Marine Le Pen, candidate du Front national à l'élection présidentielle, parle à la presse à la sortie de l'usine Whirlpool d'Amiens.
Marine Le Pen, candidate du Front national à l'élection présidentielle, parle à la presse à la sortie de l'usine Whirlpool d'Amiens.
EPA

En grillant la politesse à Emmanuel Macron sur le site de l’usine Whirlpool d’Amiens, menacée d’une délocalisation en Pologne, Marine Le Pen a réussi le gros coup médiatique de début de campagne de second tour. Invité par l’intersyndicale de l’usine d’électroménager, le candidat d’En Marche! se trouvait à la Chambre de commerce et d’industrie de sa ville d’Amiens quand la candidate du Front national a débarqué sans prévenir sur le site de l’usine. «Je suis là aux côtés de salariés, sur le parking, pas dans des restaurants amiénois», a déclaré la candidate.
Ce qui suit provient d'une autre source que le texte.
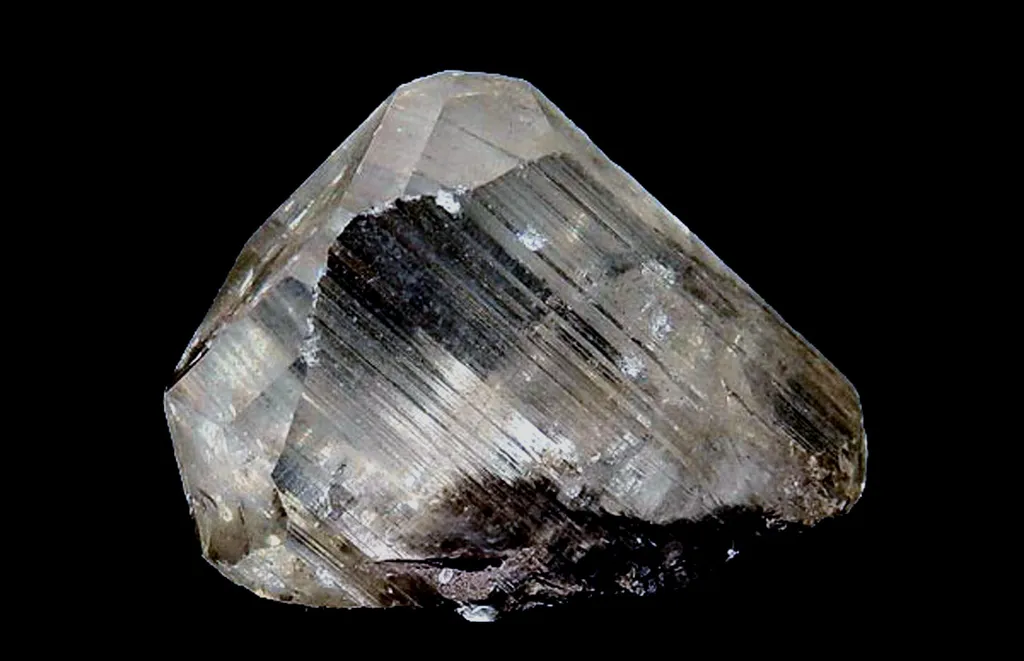 Phosgénite from Morocco, Oriental Region, Touissit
Applaudie par des salariés et par des militants FN venus sur place, Marine Le Pen a fait des selfies et répété qu’avec elle, l’usine ne fermerait pas. «Je suis la candidate des Français qui ne veulent pas être dépossédés de leur emploi, de leur pouvoir d’achat, qui ne veulent pas être mis en concurrence déloyale avec les pays à bas coût. C’est à l’Etat de venir dire ça, c’est un abus ça, c’est une dérive, et je ne laisserai pas faire ça», a déclaré la leader frontiste.

Arrivé devant l’usine avec les représentants syndicaux, Emmanuel Macron a été accueilli par des sifflets venus du piquet de grève, et sans doute aussi de militants FN, avant qu’un dialogue ne s’engage avec les salariés. Il a dénoncé une instrumentalisation de la part de la candidate FN, «puisqu’elle va haranguer des militants politiques sur un parking» et s’est refusé pour sa part à «la démagogie des fausses promesses». Affirmant qu’il connaissait le dossier, l’ex-ministre de l’Economie a assuré les salariés qu’il agirait sur le fond. Il a ajouté, face aux grévistes, que «la fermeture des frontières était une promesse mensongère» de sauvetage.

Par le passé, Emmanuel Macron s’est à plusieurs reprises refusé à faire des promesses sur ce dossier sensible de délocalisation dans sa ville. Il a menacé cependant la direction du groupe de «conséquences si Whirlpool ne se comporte pas bien» dans cette affaire.

Interrogé sur TF1, Jacques Attali, soutien autoproclamé du candidat Macron, a déclaré mercredi que «Whirlpool était une anecdote» et que le «cas de 300 personnes n’est pas du ressort du président». Ces deux phrases dévastatrices ont ajouté au désastre de la journée. L’ex-conseiller du président Mitterrand s’est d’ailleurs fait rudement remettre en place par Richard Ferrand, bras droit du candidat d’En Marche!, qui a estimé dans un tweet que «ce que dit Attali sur Whirlpool est une méprisable anecdote». Ajoutant: «Qu’il se taise!»

La journée de Marine Le Pen n’a cependant pas été toute rose. Elle a en effet appris que le Parlement européen venait de demander la levée de son immunité parlementaire, dans l’affaire des emplois supposés fictifs des attachés du FN.